_EXTRACTED DATA_

----

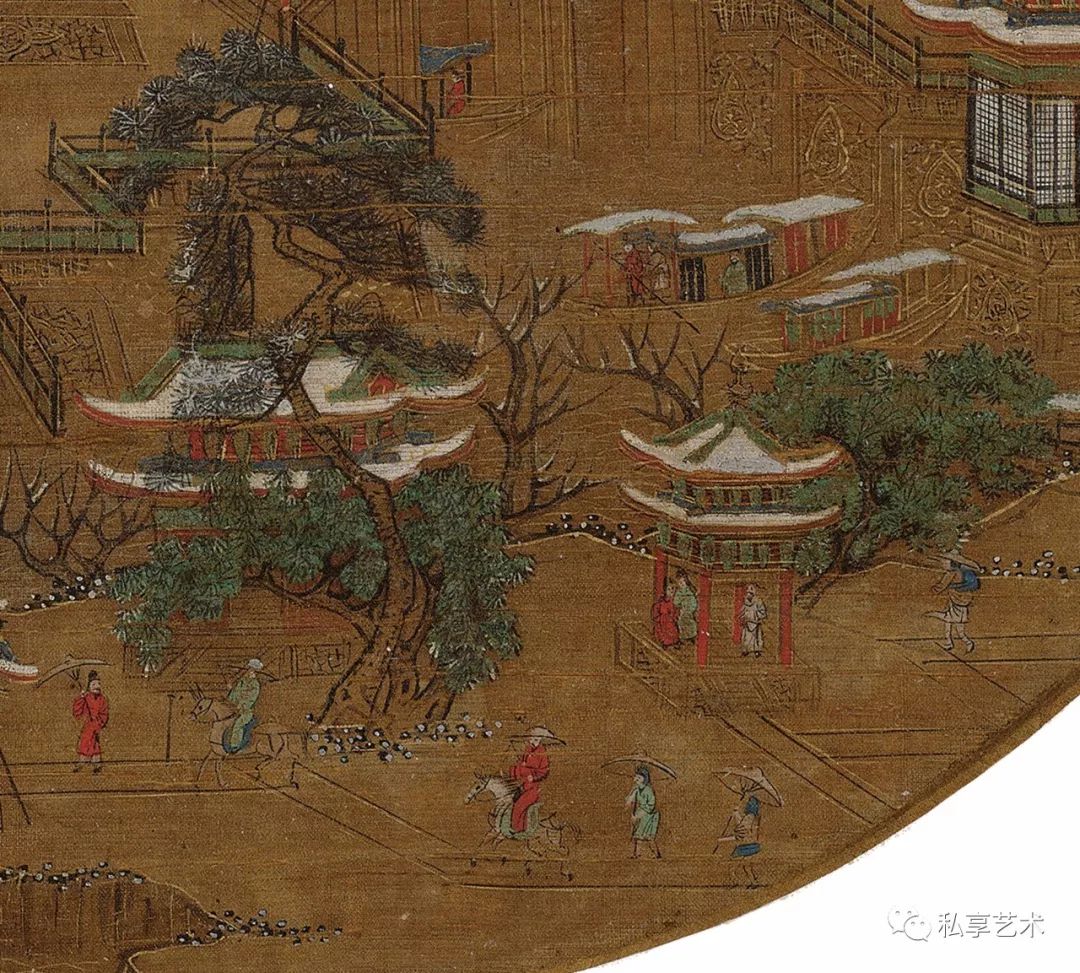 故宫博物院藏丨京畿瑞雪图宋徽宗钦定第一神品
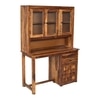 Deo Sheesham Wood  Study Table in Teak Finish
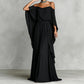 ⏳Limited-time 50% off⏰Women’s Elegant Cold Shoulder Flowy Maxi Dress✨👗💐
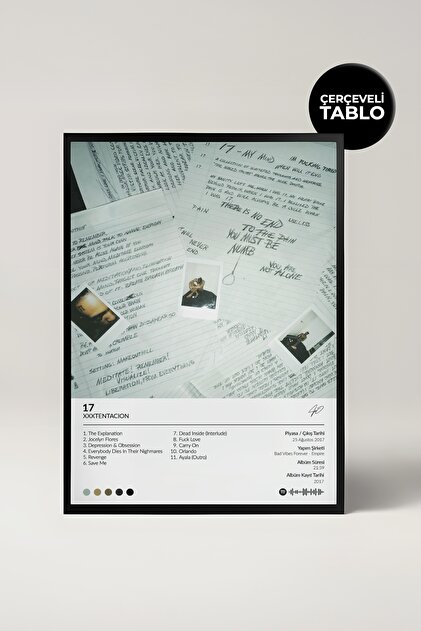 アート・デザイン・音楽 ART & DECORATION No. 17 House Gorgeous Xxxtentacion 17 Albümü Çerçeveli Albüm Tasarımlı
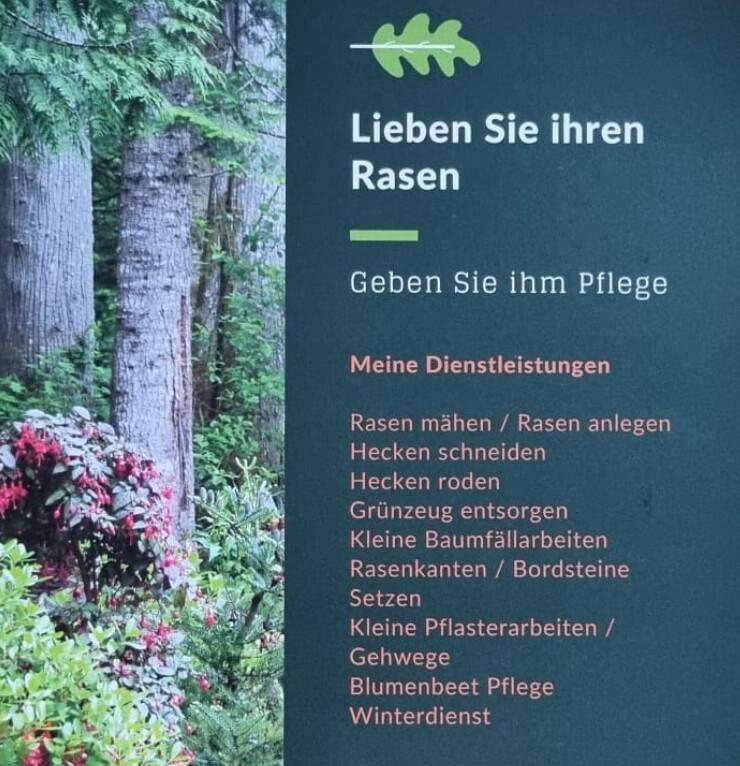 🌿Ihr Garten braucht Pflege? Wir kümmern uns drum – schnell, zuverlässig und mit grünem Daumen! ✂️🌸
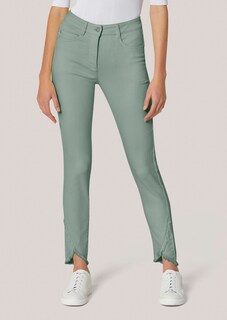Slim-fit jeans met rafelzoom thumbnail 2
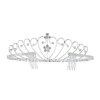 prinsessen tiara zilver strass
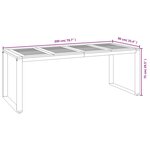 vidaXL Ensemble à manger de jardin 9 Pièces bois d'acacia solide et métal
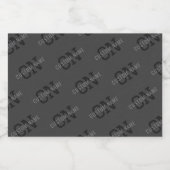 Moderner, dunkelgrauer Mit Monogramm Name/anderer  Lebensmitteletikett (Einzelnes Label)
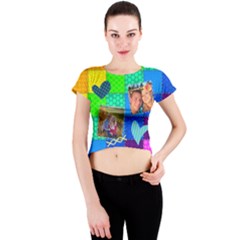 Rainbow Stitch - Crew Neck Crop Top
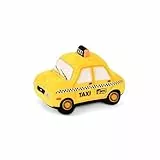 P.L.A.Y. PET LIFESTYLE AND YOU - Plüsch Spielzeug Hund - Canine Commute Collection - New York Taxi Yellow Cab, 100 g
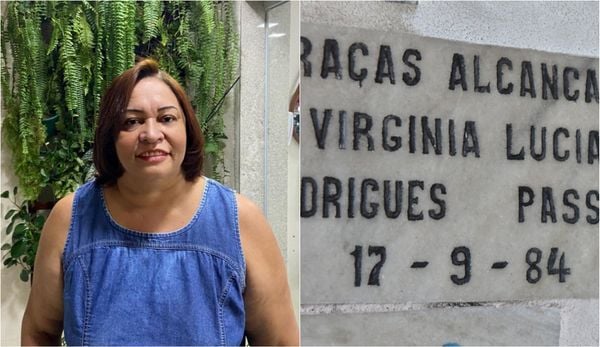 Virgínia Lúcia Rodrigues Passos/Placa de gratidão que está no convento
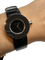 Montre Chanel La Ronde - Montre vintage en acier et cuir noir vernis 58 Facettes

----

_WORK INSTRUCTIONS_
Give again, exactly, the lines starting at the first entry above and ending at the line with "prinsessen tiara zilver strass"; please leave pictures out.

_OUTPUT OF THE TASK_
 故宫博物院藏丨京畿瑞雪图宋徽宗钦定第一神品
 Deo Sheesham Wood  Study Table in Teak Finish
 ⏳Limited-time 50% off⏰Women’s Elegant Cold Shoulder Flowy Maxi Dress✨👗💐
 アート・デザイン・音楽 ART & DECORATION No. 17 House Gorgeous Xxxtentacion 17 Albümü Çerçeveli Albüm Tasarımlı
 🌿Ihr Garten braucht Pflege? Wir kümmern uns drum – schnell, zuverlässig und mit grünem Daumen! ✂️🌸
Slim-fit jeans met rafelzoom thumbnail 2
 prinsessen tiara zilver strass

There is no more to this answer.